The price of gold is rising — more in dollars than in euros, due to the depreciation of the US currency — as is that of bitcoin. Equities, too, are on the rise: the S&P 500 has already wiped out the losses associated with the tariffs mini-crisis. This in itself is a little odd, as gold and equities generally move in opposite directions. In times of growth, investors logically turn to equities, and when fears arise, to gold. Sovereign bonds are in trouble overall — as evidenced by the rise in yields — with US debt in the lead (read “Bessent's Crazy Gamble”), while real estate stagnates or declines, in the United States and in Europe.
How should we interpret these trends? Debt is in bad shape, especially its premium component, US Federal debt, due to Trump's budget deficit, which is becoming increasingly difficult to finance — we've talked about it. And real estate is a debt market — most acquisitions are made on credit — which suffers when rates rise. So, instead of arbitraging between various investments according to economic and financial data, we are witnessing the beginnings of a flight (but not yet a panic) from the bond market towards what has intrinsic value.

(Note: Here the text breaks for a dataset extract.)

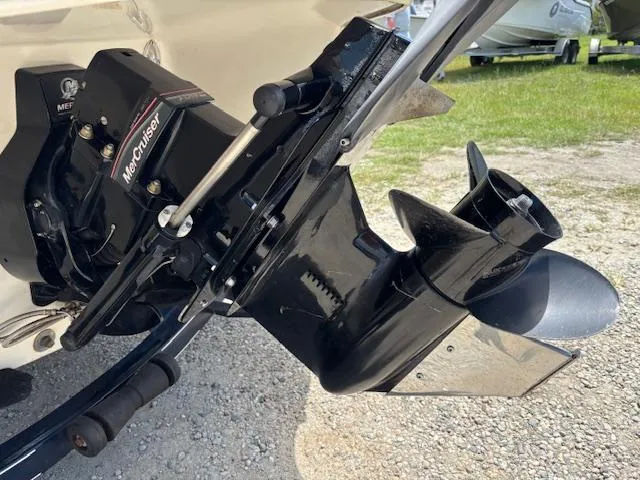 Slide: The Image of 2006 Tahoe Q4 Sport Fish boat with MerCruiser outboard motor, parked on gravel. - 19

The sums involved are colossal: we now think in terms of trillions of dollars (US debt = $36 trillion). When capital movements are triggered, their power is earth-shattering. For the time being, transfers remain measured, but the points of departure and arrival are clearly visible.
In the world of crypto-assets, one term has gained some notoriety: flippening. It appeared in 2017 to describe the possibility of ether (ETH) one day overtaking bitcoin (BTC) in capitalization. Today, it's no longer talked about, as the gap is so wide and continues to widen. Some bitcoiners have taken up the term flippening to designate the moment when bitcoin will overtake gold in total value. But with a current ratio of 1:10, this prospect is still a long way off.
On the other hand, I would like to popularize a new flippening: when gold ($23 trillion for 216 000 tons in total in the world) will overtake the US federal debt ($36 trillion), to become the world's leading asset (the first homogeneous asset, real estate or the stock market designating a multitude of different assets). We're almost there!
Can you imagine the global upheaval such a tipping point would provoke? It could well happen sooner than we think, in a handful of years at most... Let's go for gold flippening on US debt!